**Problem to solve:**
Exactly the lines below starting at the line with "アンティーク レザートランク ヴィンテージ" and ending at the line with "Enlisted Club TEE" are wanted, with both ends included. Leave out the pictures and add no other lines.

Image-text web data
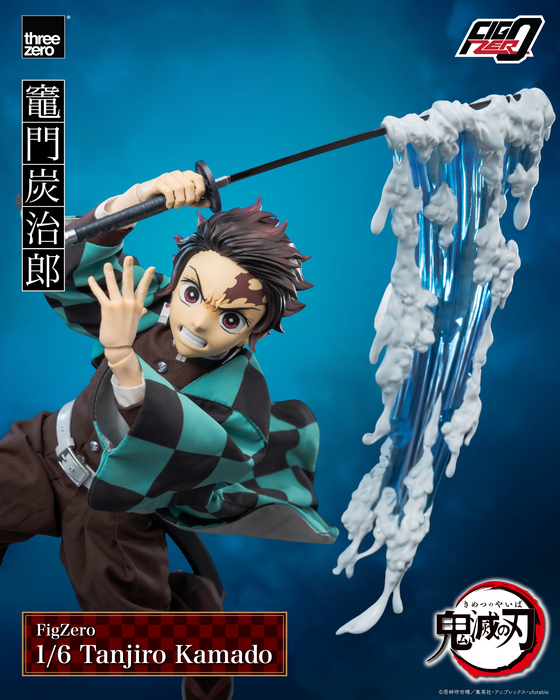 Figzero - Tanjiro Kamado - Demon Slayer: Kimetsu No Yaiba 1/6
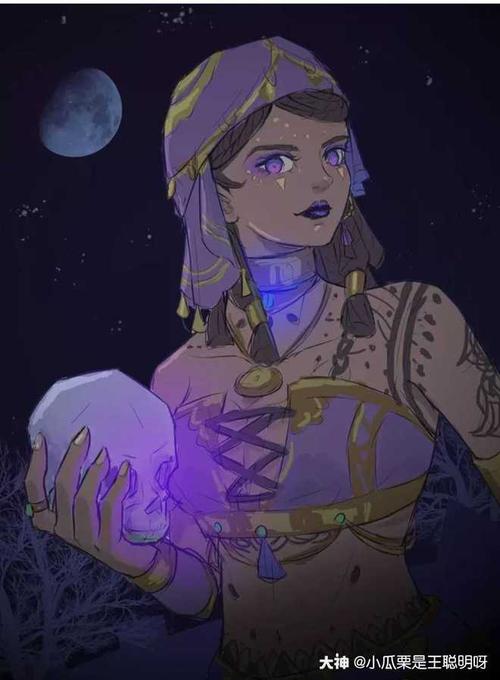 第五人格 #咒术师生日会# 帕缇夏.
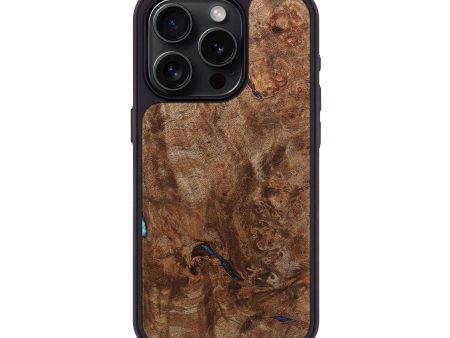 iPhone 15 Pro  Phone Case - Hazel (Wood Burl, 699423) For Discount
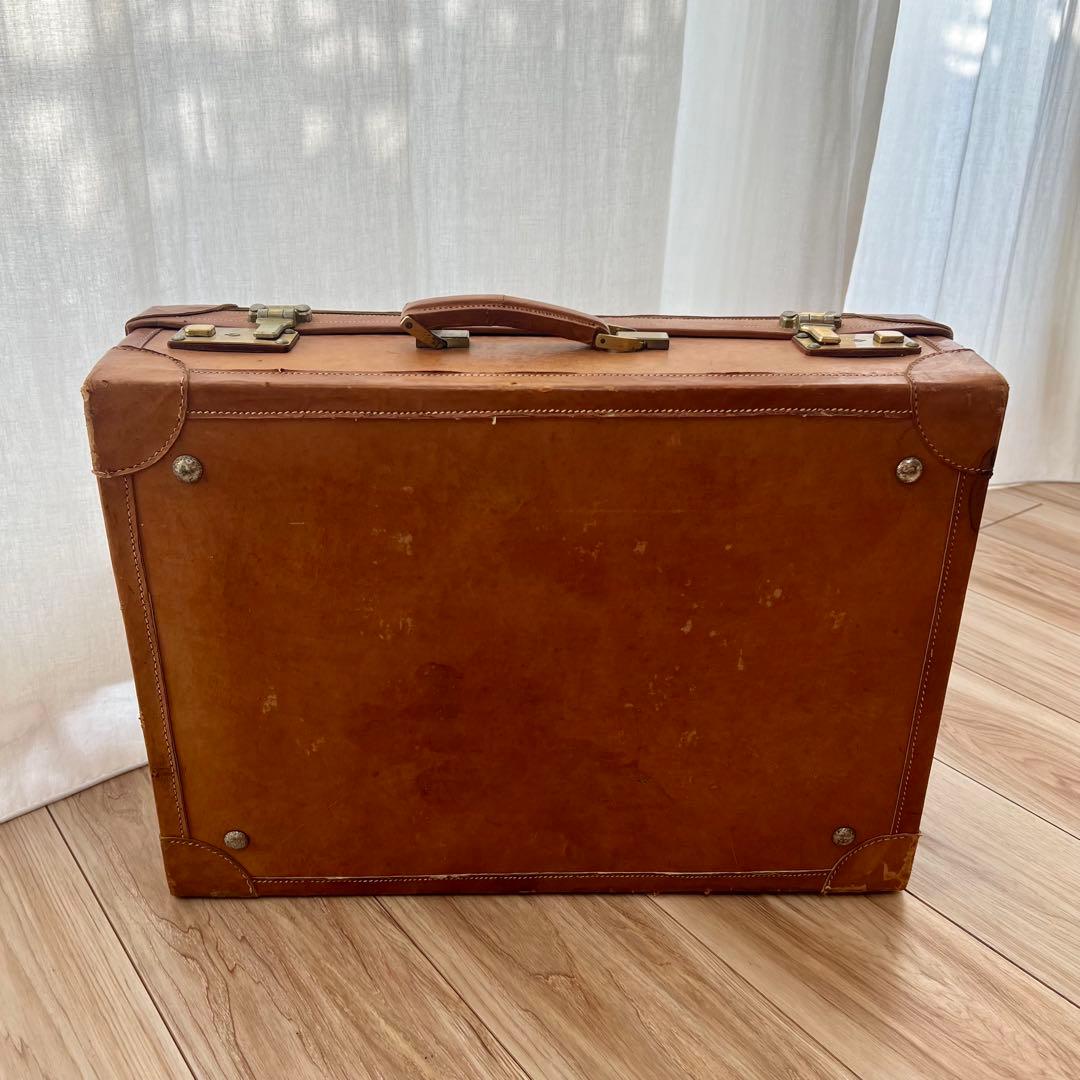アンティーク レザートランク ヴィンテージ
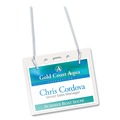 Label & Badge Holders | Avery 02922 4 in. x 3 in. Horizontal Secure Top Hanging-Style Badge Holders - Clear (100/Box) image number 3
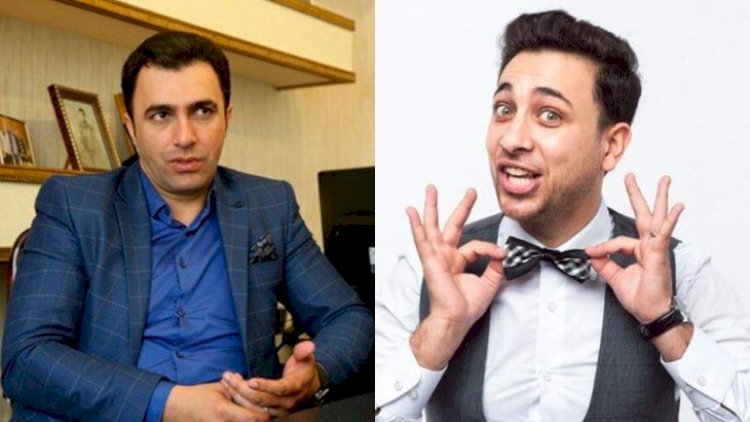    Mikayıl zarafatdan inciyib studiyanı tərk etdi - Video   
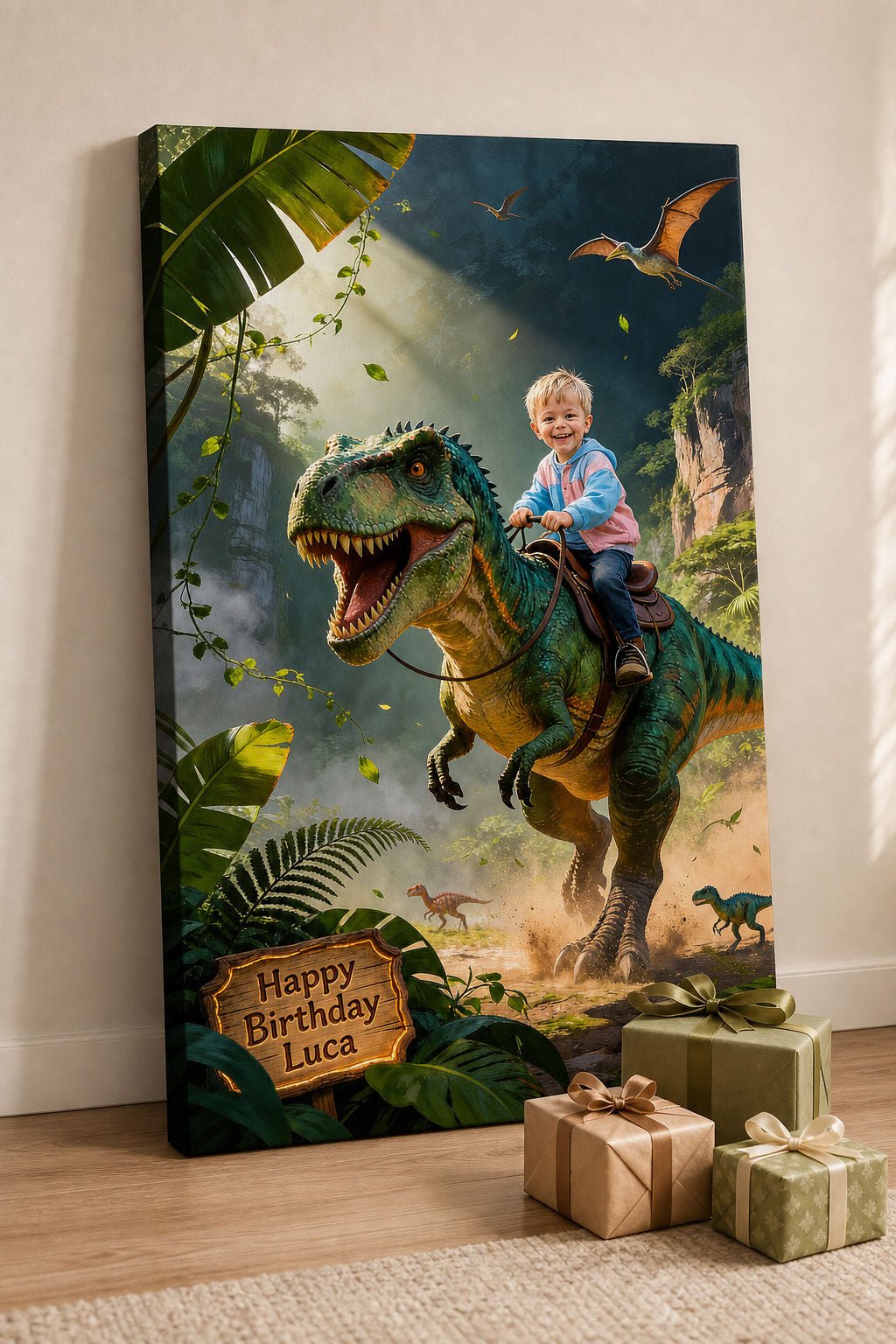 🦖 Roaring T-Rex Jungle
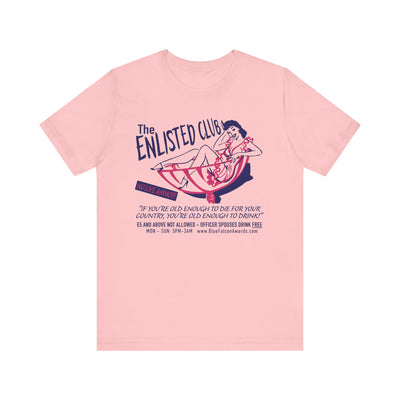 Enlisted Club TEE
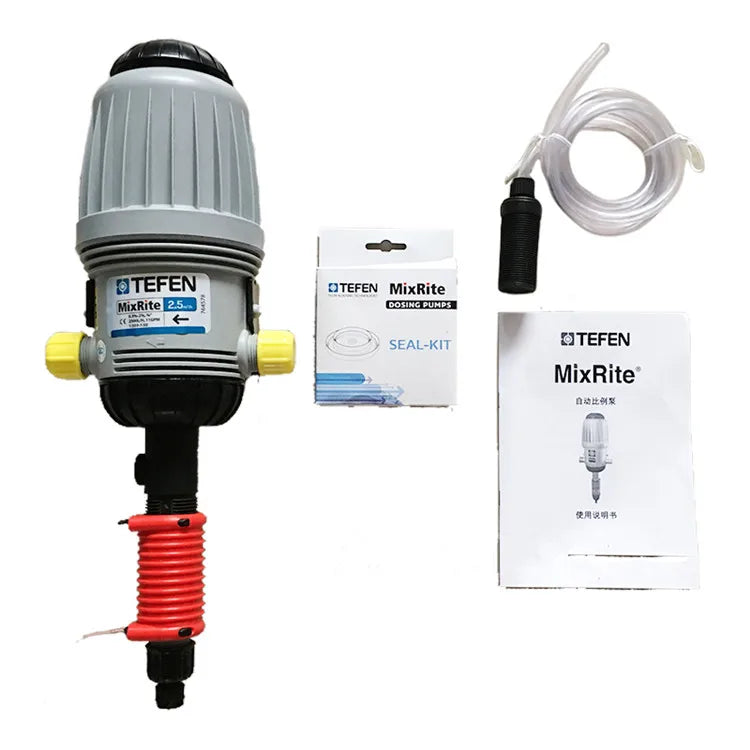 Durable TEFEN 2504 MixRite Doser Pump Irrigation Fertilizer Automatic Liquid Proportional Dosing Pump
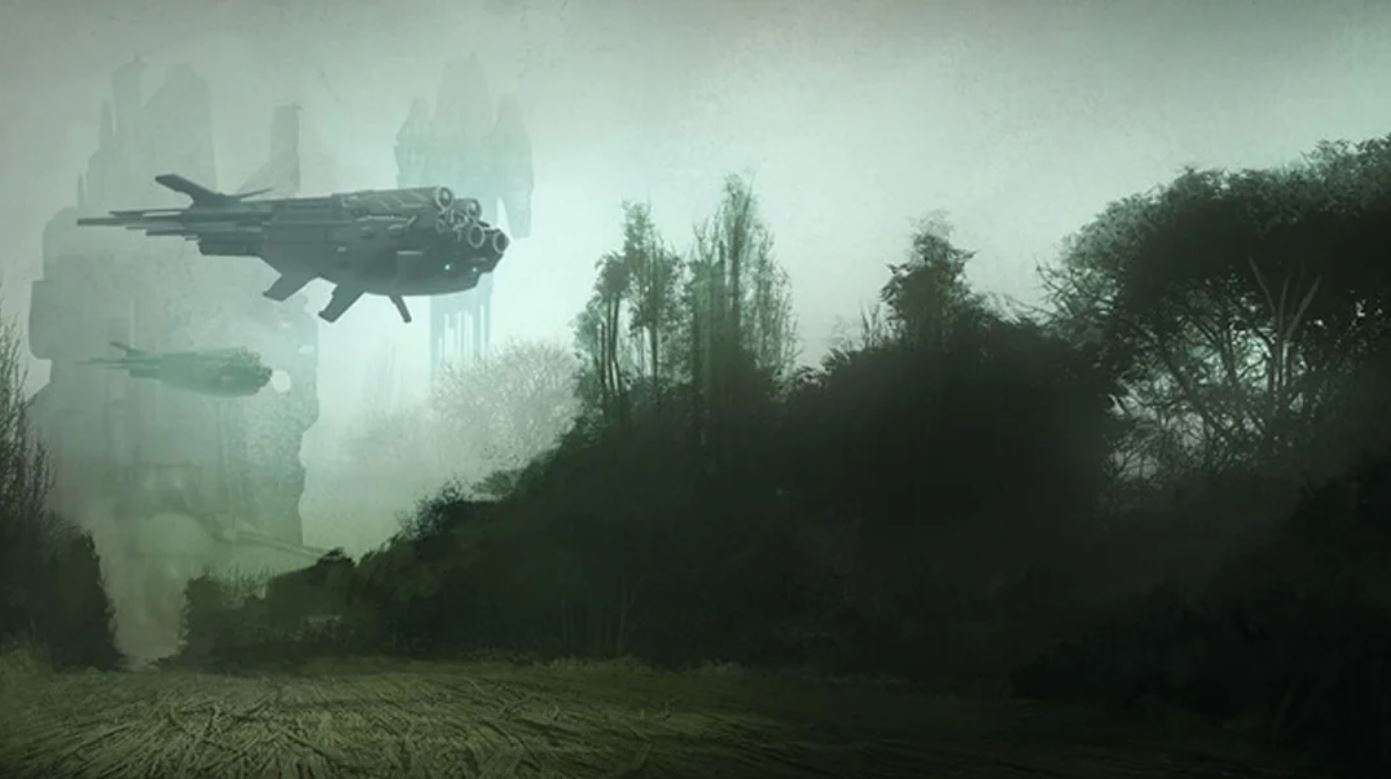 Stars of blood concept art
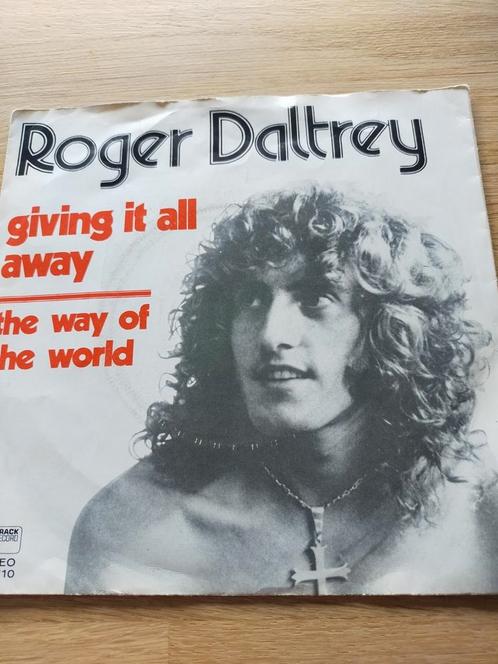 Roger Daltrey , giving it all away, Cd's en Dvd's, Vinyl Singles, Zo goed als nieuw, Pop, Ophalen of Verzenden
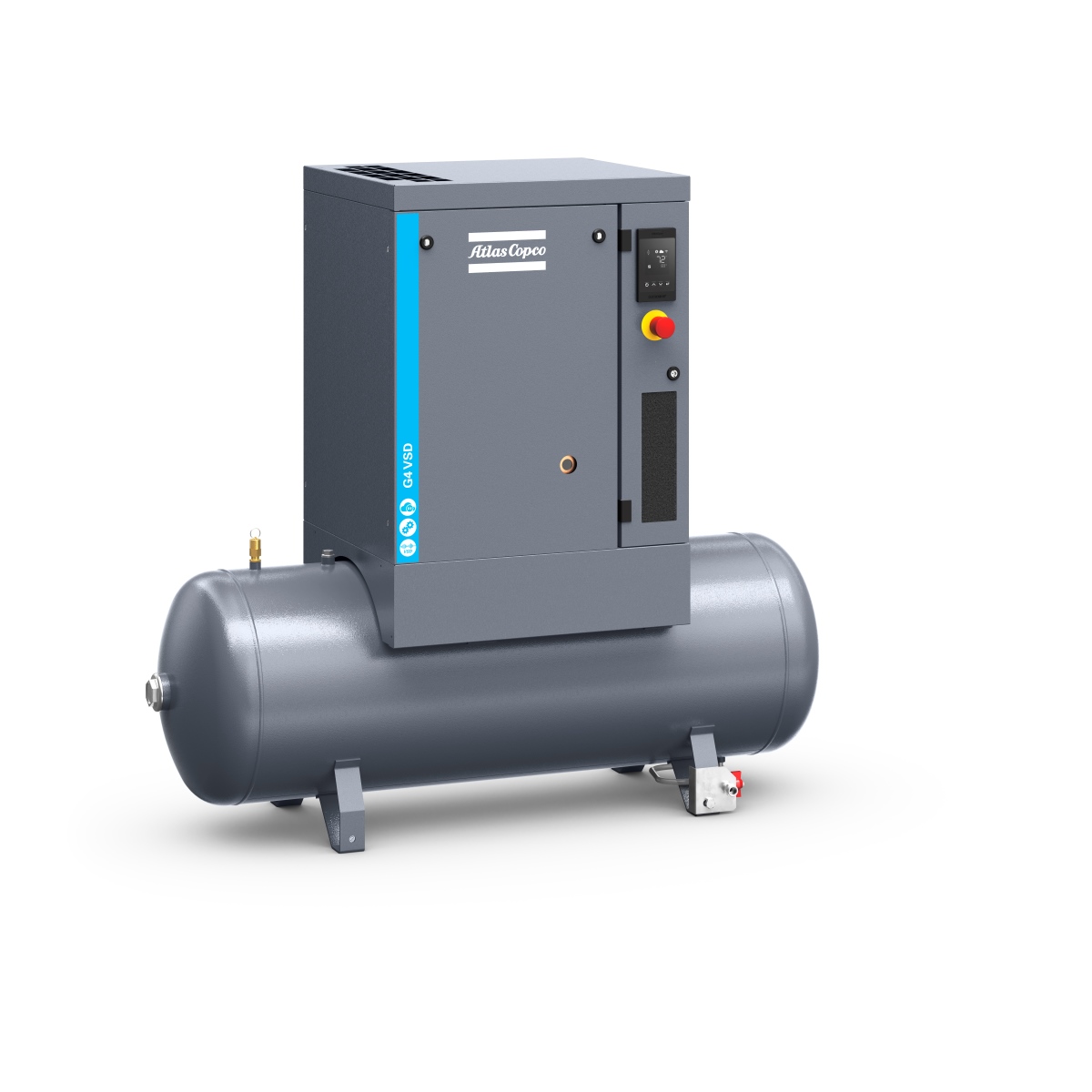 Atlas Copco Schraubenkompressor G4 VSD P-10 TM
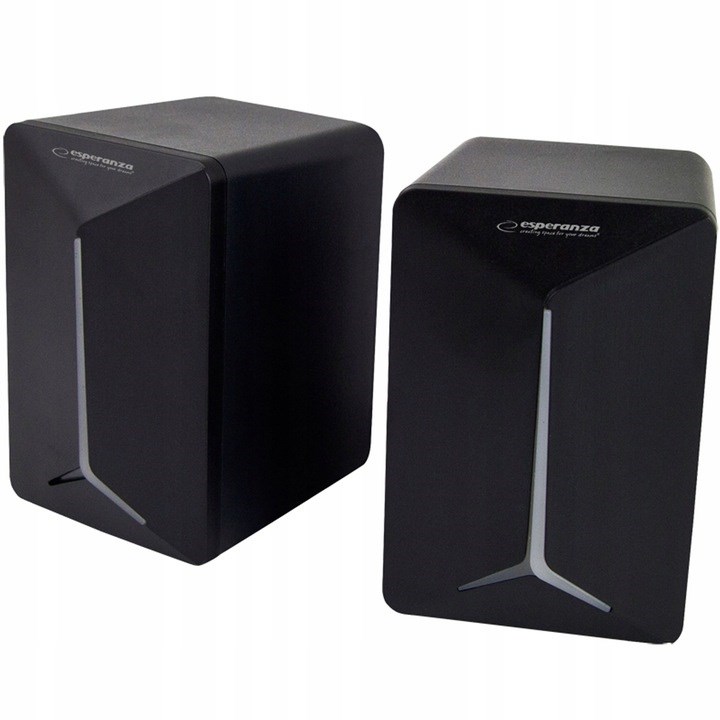 ESPERANZA USB SPEAKERS 2.0 LED RAINBOW FREVO EGS105-4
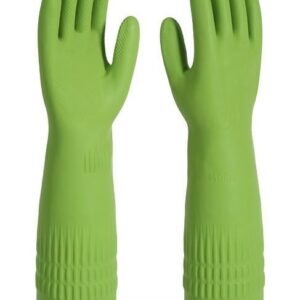 Thick Latex Dishwashing Gloves for Cleaning and Gardening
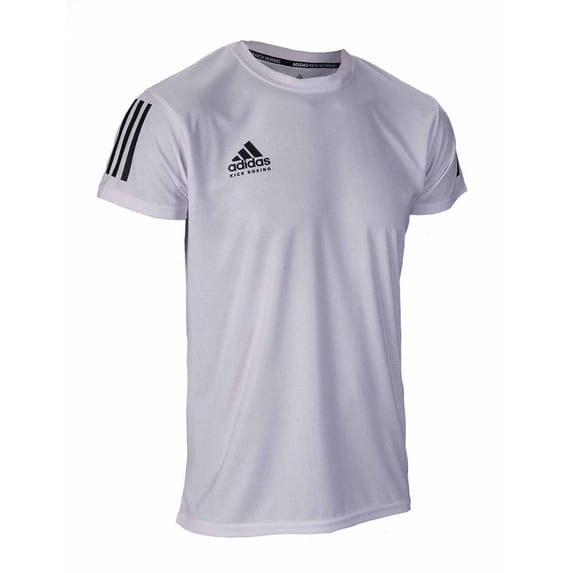 Adidas Kickboxing T-Shirt Men’s Women’s Essentials Single Jersey, Moisture Wicking, ADIKBTS100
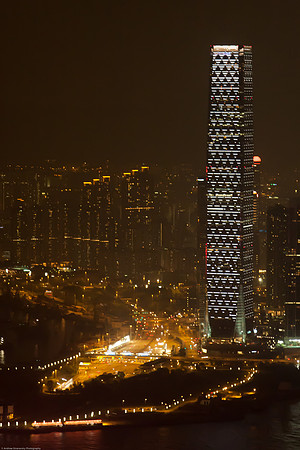 Hong Kong Skyline, Sheung Wan, Hong Kong S.A.R., China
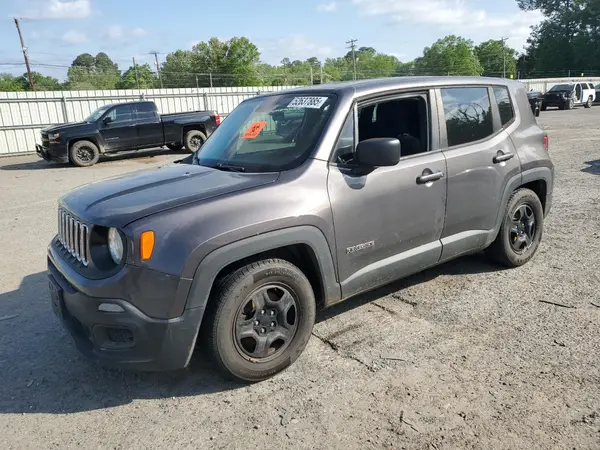 ZACCJAABXHPF04898 2017 JEEP RENEGADE - Image 1
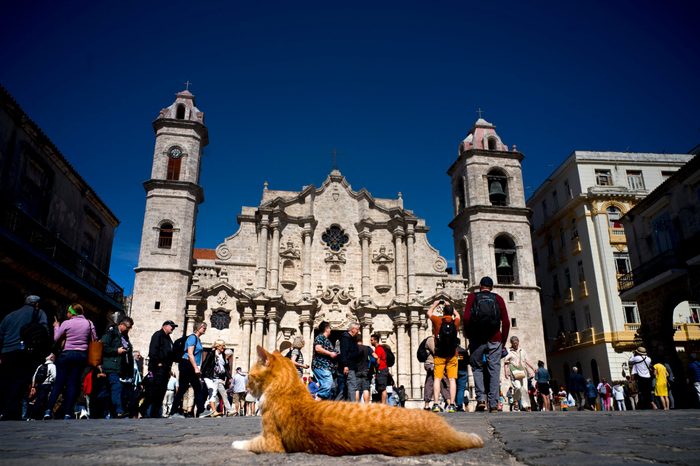 Tourism Boom, Havana, Cuba - 18 Jan 2018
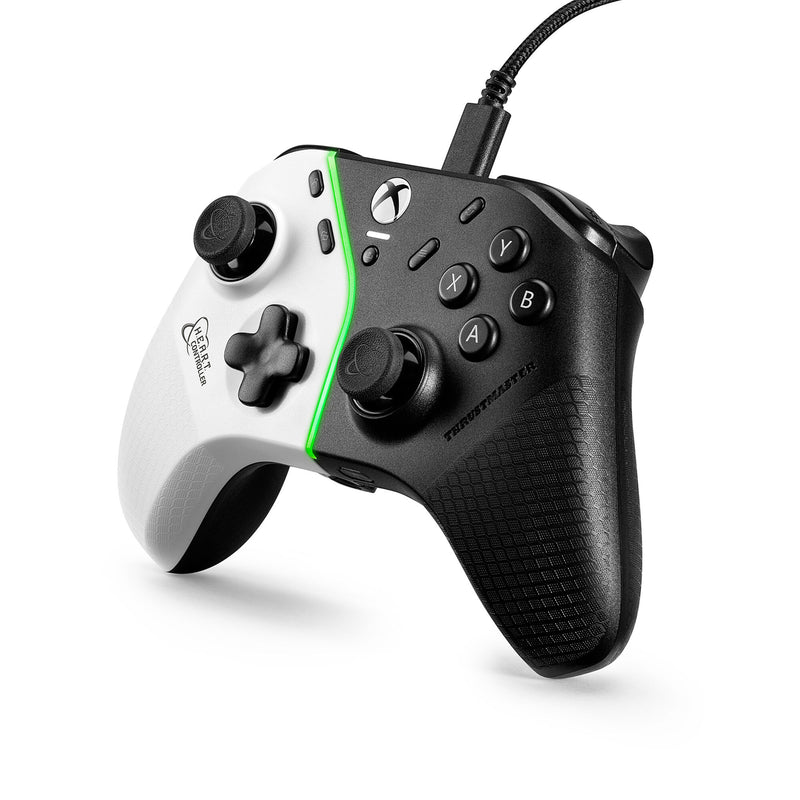 Thrustmaster H.E.A.R.T. Sort, Hvid USB Gamepad Digital PC, Xbox One, Xbox One S, Xbox One X, Xbox Series S, Xbox Series X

**The answer:**
アンティーク レザートランク ヴィンテージ
 Label & Badge Holders | Avery 02922 4 in. x 3 in. Horizontal Secure Top Hanging-Style Badge Holders - Clear (100/Box) image number 3
    Mikayıl zarafatdan inciyib studiyanı tərk etdi - Video   
 🦖 Roaring T-Rex Jungle
 Enlisted Club TEE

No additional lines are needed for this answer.